═══ The data
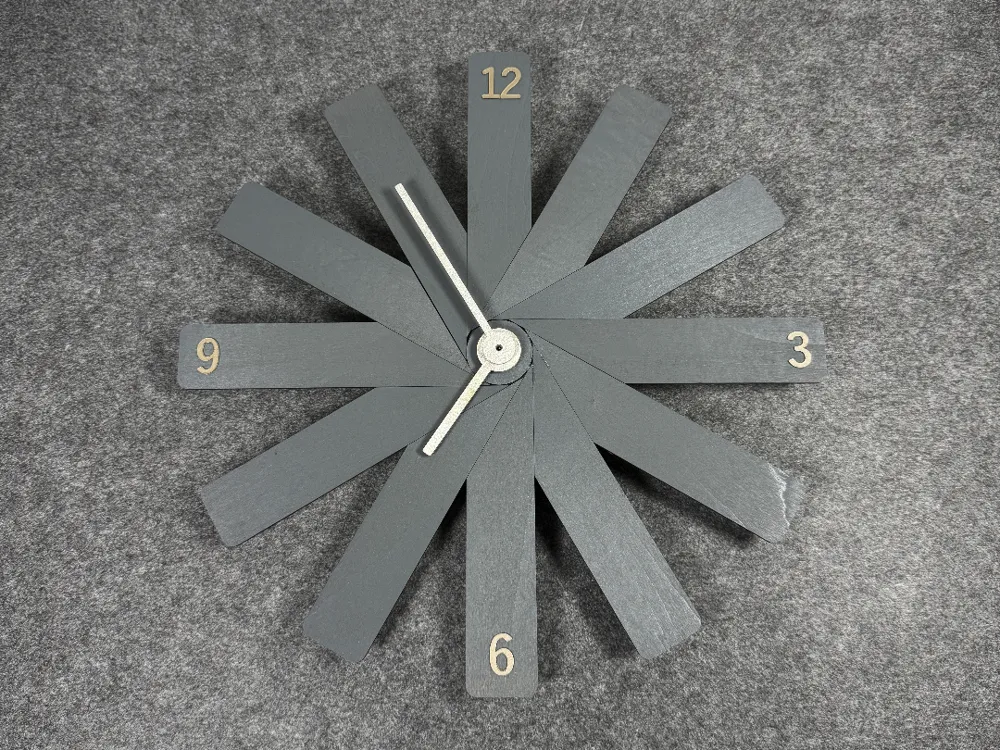 Shutter Clocks The Twelve Shutters Wall Clock - Free 3D Print Model - MakerWorld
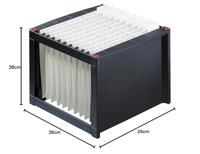 Helit Hangmappendoos H6110092 H6110092 Zwart, Rood 1 stuk(s) - thumbnail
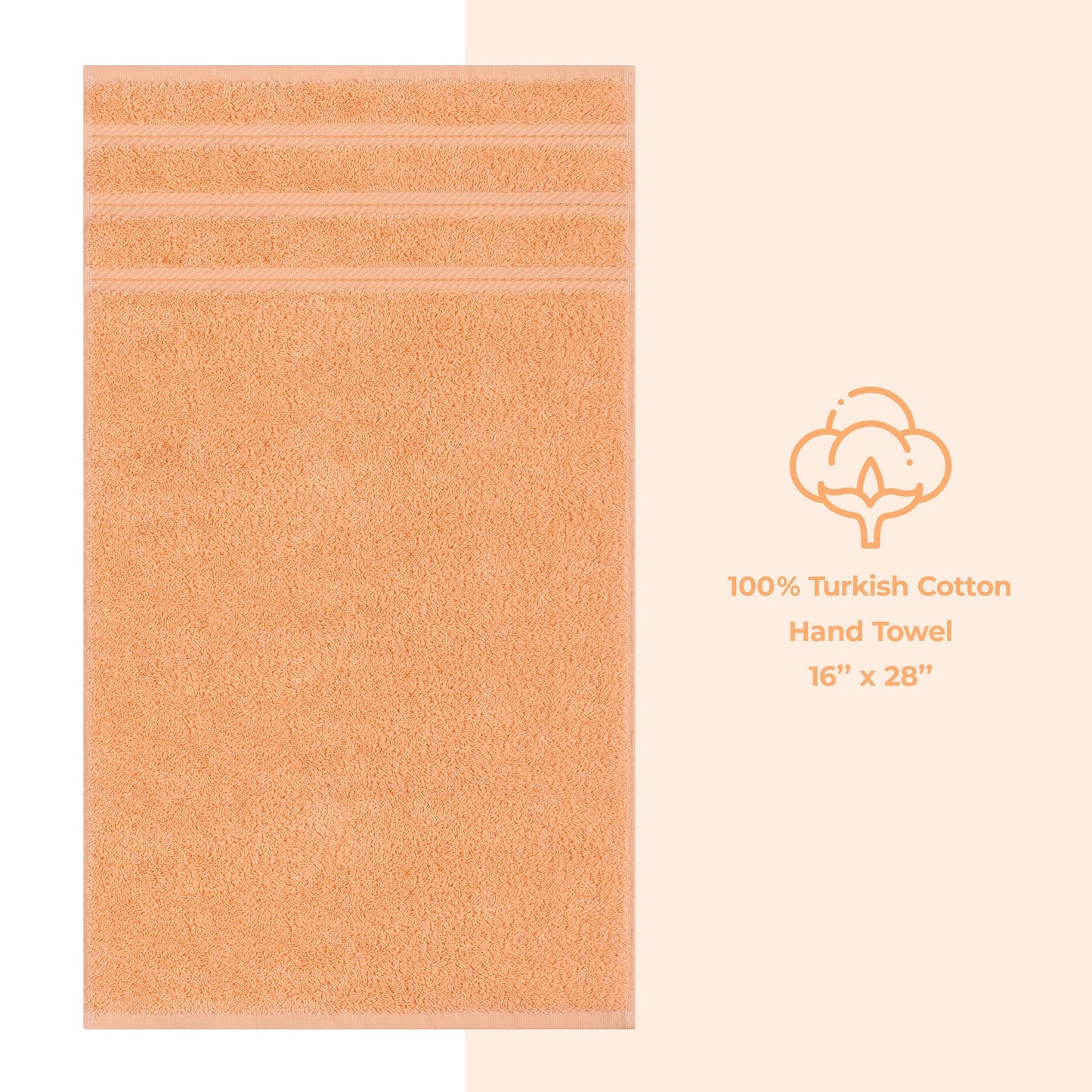 Single Piece - Create Your Set - 100% Cotton Turkish Towels with 20 Different Colors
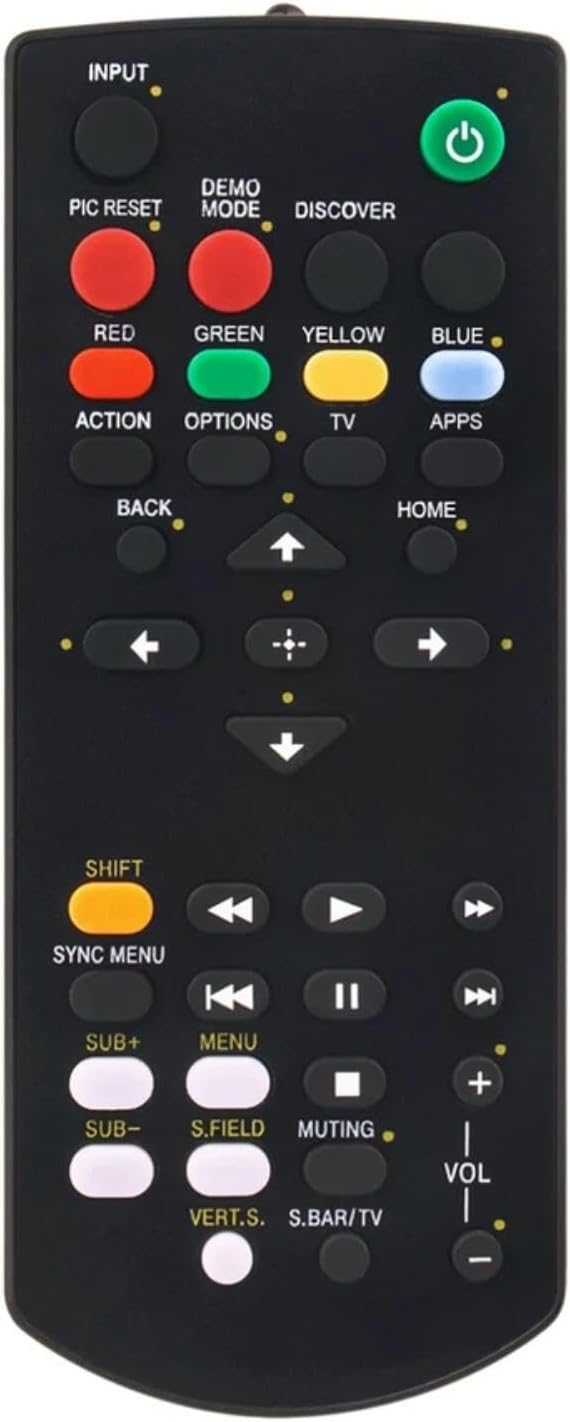 SFRTV5 Universal TV Remote Control for Sony Bravia LCD LED TV in Living Rooms or Rooms, No Programming or Pairing Needed, Replacement Remote Compatible Model SFRTV5
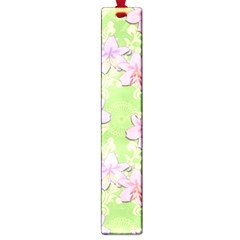 Lily Flowers Green Plant Natural Large Book Marks by Pakrebo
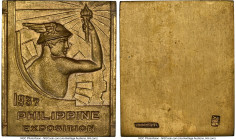 "Philippine Exposition" gilt bronze Medal 1937-Dated MS66 NGC, Honeycutt-275. 30 x 35mm. HID09801242017 © 2023 Heritage Auctions | All Rights Reserved...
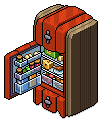 Red Silo Fridge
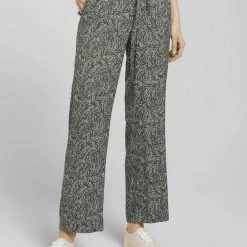 Budget 💯 TOM TAILOR Culotte »Gemusterte Loose Fit Hose« 🥰 -Tom Tailor Verkaufsgeschäft 770e3c95 90aa 5a5c 9831 df61bcb29687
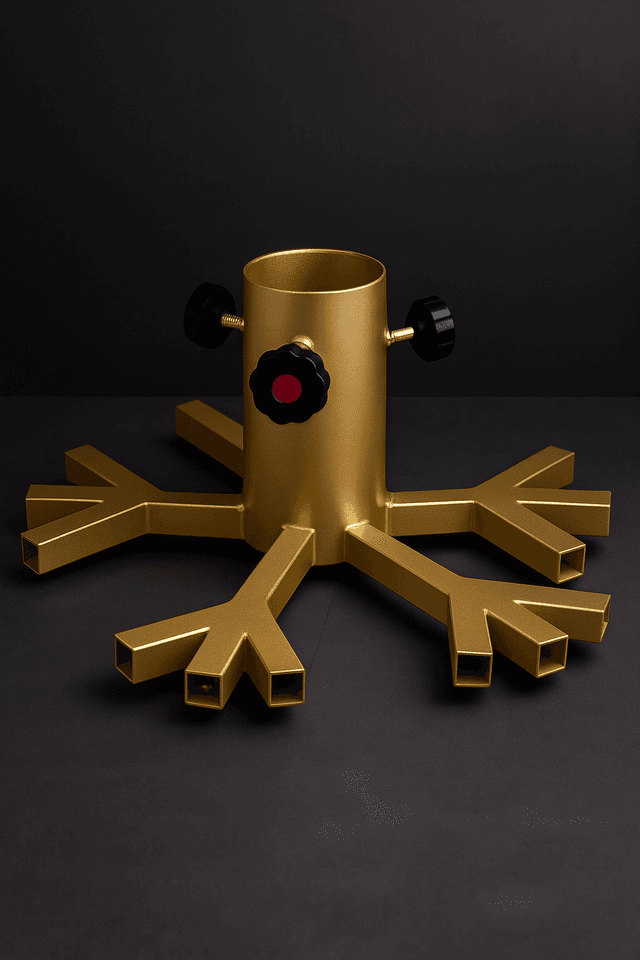 Stalumo Premium – Christmas Tree Stand Snowflake – Gold – Small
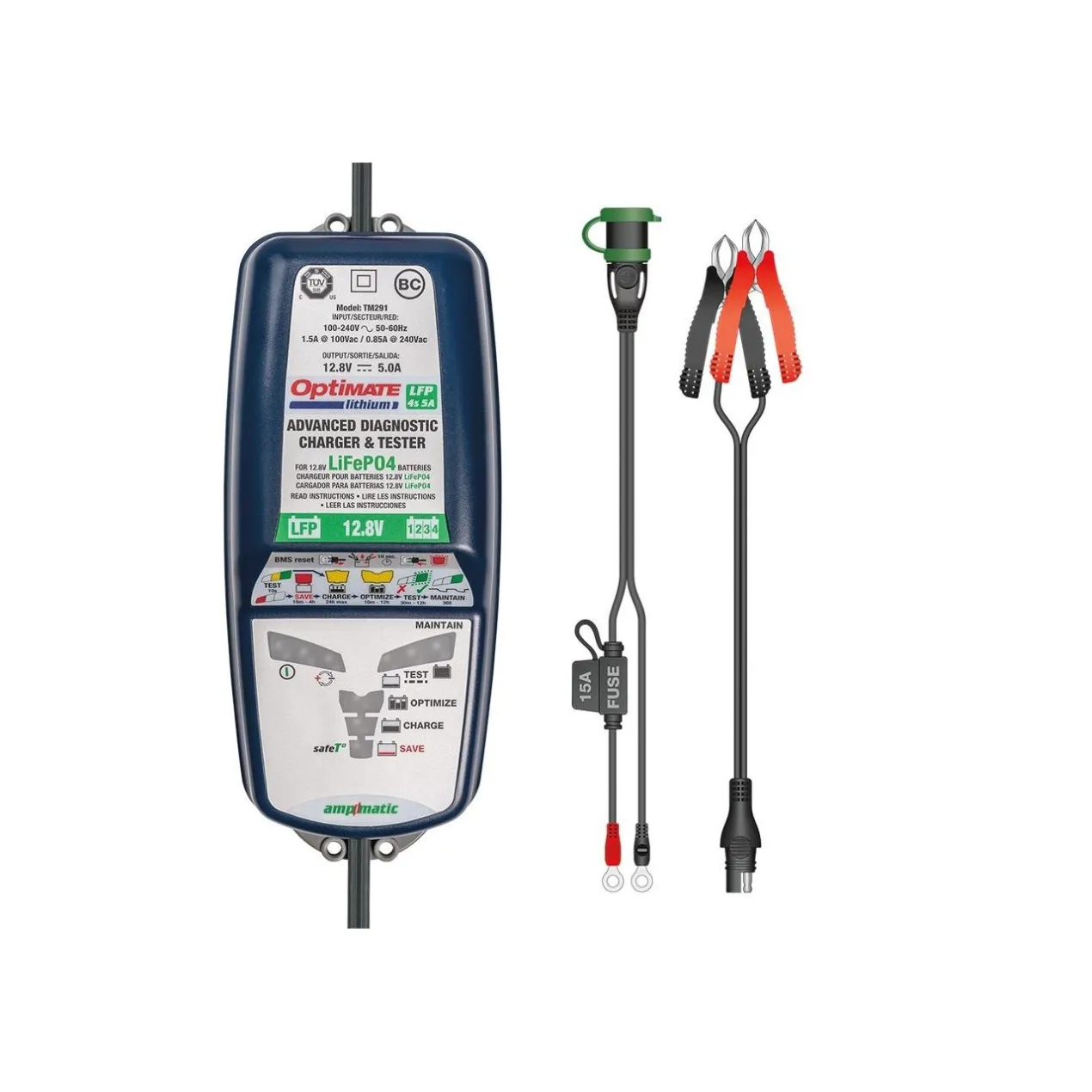 Caricabatterie Optimate Lithium 4s 6a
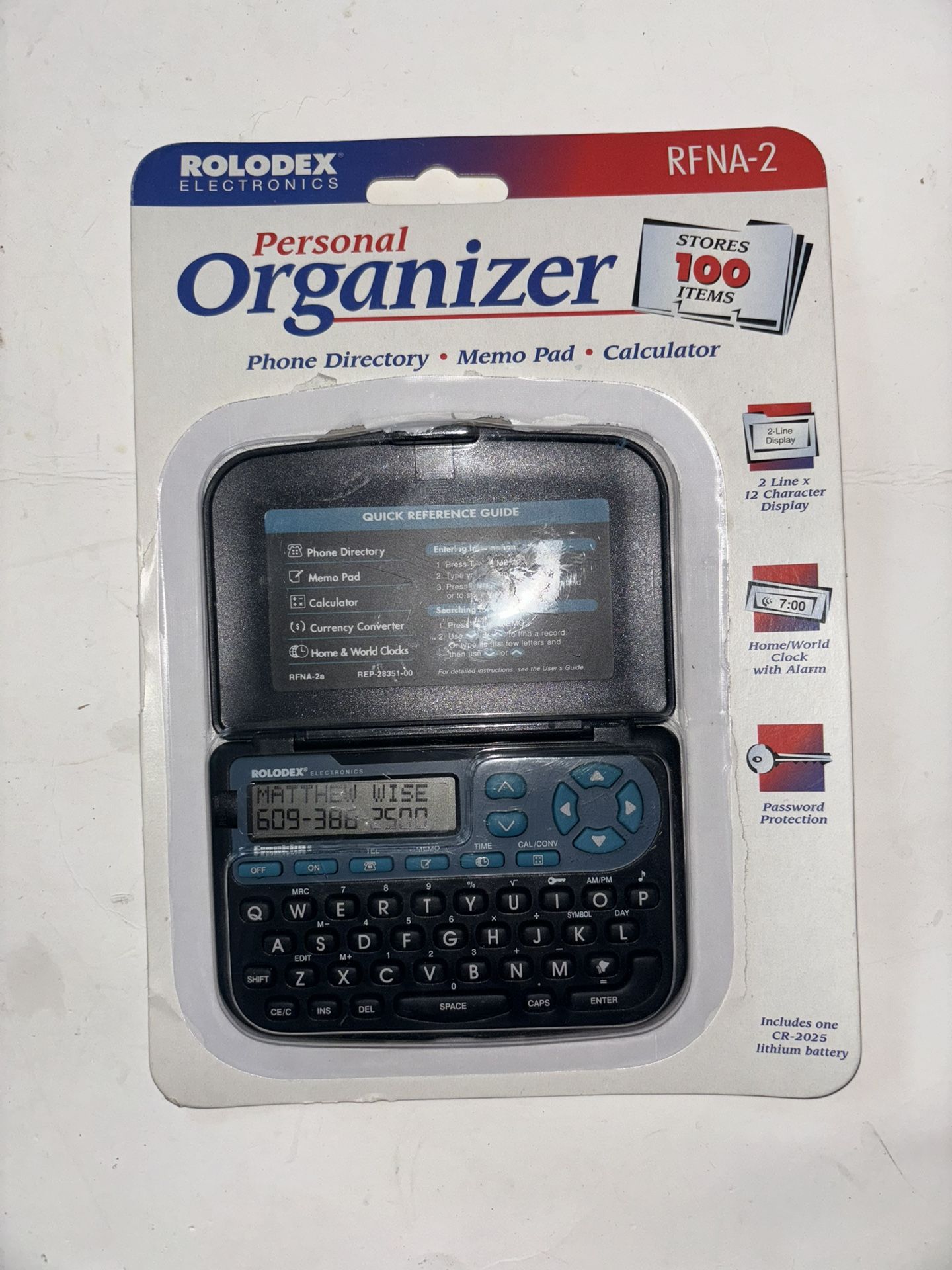 Rolodex Electronics Personal Organizers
══════
» The problem
Your answer must be an exact copy of the lines from the start of the entries through the line with "Single Piece - Create", with no pictures.

» Exercise response
 Shutter Clocks The Twelve Shutters Wall Clock - Free 3D Print Model - MakerWorld
 Helit Hangmappendoos H6110092 H6110092 Zwart, Rood 1 stuk(s) - thumbnail
 Single Piece - Create Your Set - 100% Cotton Turkish Towels with 20 Different Colors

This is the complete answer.